Exercise objective: Give the data again in full, without pictures.

Supplied material:

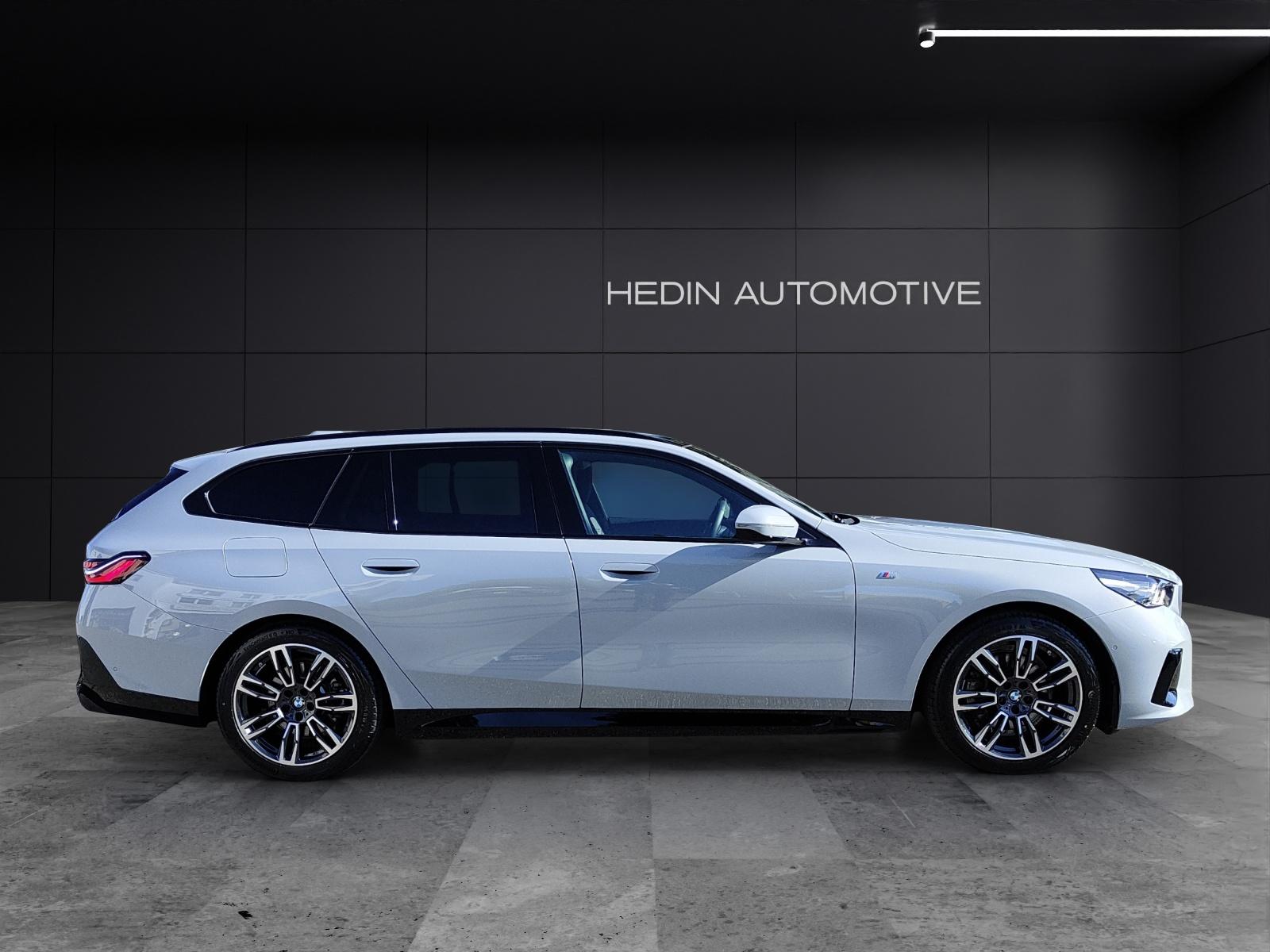 BMW 520d xDrive Touring-image-6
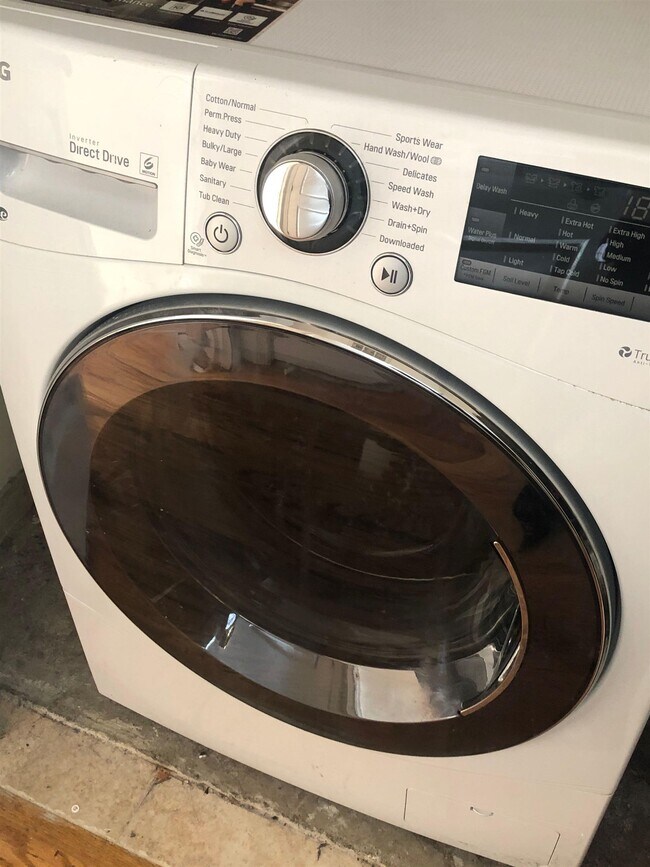 Building Photo - 347 7th St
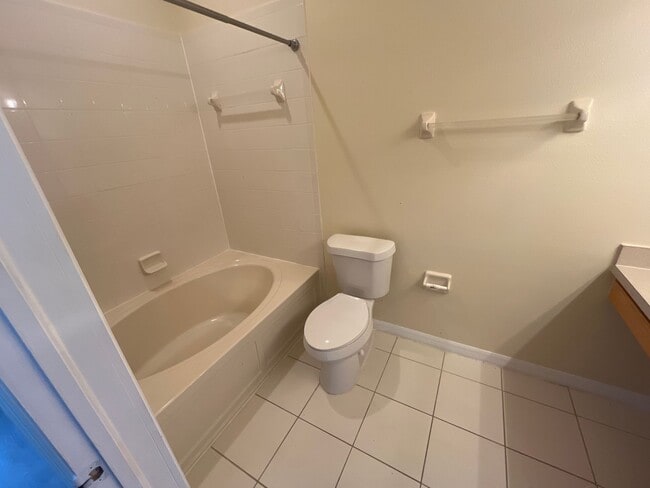 Building Photo - For Rent – Charming 2-Bed, 2.5-Bath Townho...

Solved problem:
 BMW 520d xDrive Touring-image-6
 Building Photo - 347 7th St
 Building Photo - For Rent – Charming 2-Bed, 2.5-Bath Townho...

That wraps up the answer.